Originally Posted by Durham
I'm wondering whether the links between the so called CANZUK nations, symbolised by the crown, might become increasingly more important on a political level as the century goes on. All four nations are (the UK by recent choice of course) overshadowed by larger nearby blocs.
Relations between the four may become more important in the real world & not just based on some sentimental attachment & shared history.
As a common (although legally distinct) institution the crown might take on a new lease of life.
Just a thought. Not too political for the RF's I hope.
It would be great if posters from Canada, Australia and New Zealand could give their perspective on the topic. If you allow me, however, I would like to comment briefly on the situation in North America in particular.

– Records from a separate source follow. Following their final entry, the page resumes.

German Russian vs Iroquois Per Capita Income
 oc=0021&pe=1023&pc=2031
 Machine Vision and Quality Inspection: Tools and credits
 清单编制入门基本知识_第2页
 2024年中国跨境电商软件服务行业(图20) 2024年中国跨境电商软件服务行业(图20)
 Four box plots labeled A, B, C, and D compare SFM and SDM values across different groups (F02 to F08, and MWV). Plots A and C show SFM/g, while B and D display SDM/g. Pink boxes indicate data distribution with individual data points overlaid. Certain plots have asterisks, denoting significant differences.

According to the Wikipedia, the United States accounted in 2018 for 76.2 % of Canadian exports and 52.2 % of its imports. Geography and the relative size of the economies of the two countries make it virtually impossible for Canada not to have an economy that is closely integrated to the US, especially in some manufacturing sectors like motor vehicles and auto parts where Canadian industry consists mostly of cross-border American transplants, sometimes in neighboring cities on the two sides of the border.
Nevertheless, my humble impression is that Canada and the US always had a somewhat difficult relationship, which was actually openly hostile before the American Civil War (when the possible annexation of parts of British North America by the US was still a real threat) and turned friendly, but never "warm" later. English Canada was originally settled by the American loyalists following the War of Independence in the 13 colonies and Canada clung to the Crown and, later, to the Empire not least because it saw it as a defense against US expansionism and a way to reaffirm a distinct identity from the Americans.
For the French Canadians, on the other hand, it was a matter of national survival: despite Quebec's recent flirtation with separatism over the past 50 years, the historic truth is that the Crown, starting with the Quebec Act of 1774 (denounced BTW by Jefferson in the US Declaration of Independence) and, then, much later, the BNA Act of 1867, which created the Confederation, offered the French Canadians a reasonable compromise, which enabled them to survive as a minority preserving their distinct language, culture and civil law in a much bigger Anglophone North America. Needless to say, under the United States, that would have been impossible as they would have been inevitably "assimilated" as other minorities were in the territories that the US gained from France, Spain and Mexico.
Nowadays, I don't think the Crown has the same importance in the collective national mindset and most Canadians are probably at best indifferent to it. However, Canada has been able (in my opinion successfully) to turn the Crown and the Queen into national Canadian institutions with characteristics that differ from those in the UK. We see it for example in the Canadian system of national honors, which replaced most of the old imperial orders (except for the Order of Merit and the Royal Victorian Order_ the latter only at grades of Commander or below), and in the role that the Governor General, as the Crown's representative, came to assume in the administration of that system (which is still established incidentally by LPs issued by the Queen).
Overall, I see the monarchy lasting longer in Canada than in Australia for example, not only because it is constitutionally difficult to abolish it (it requires the consent of the federal Parliament and of all 10 provinces), but because there is no good reason to do it and no alternative system to put in place which all regions of the country and all ethnic groups within the country can agree on. Unsurprisingly, unlike in Australia or New Zealand, there is no major Canadian political party calling for a republic now. Whether that will change when Queen Elizabeth II passes away, it remains to be seen.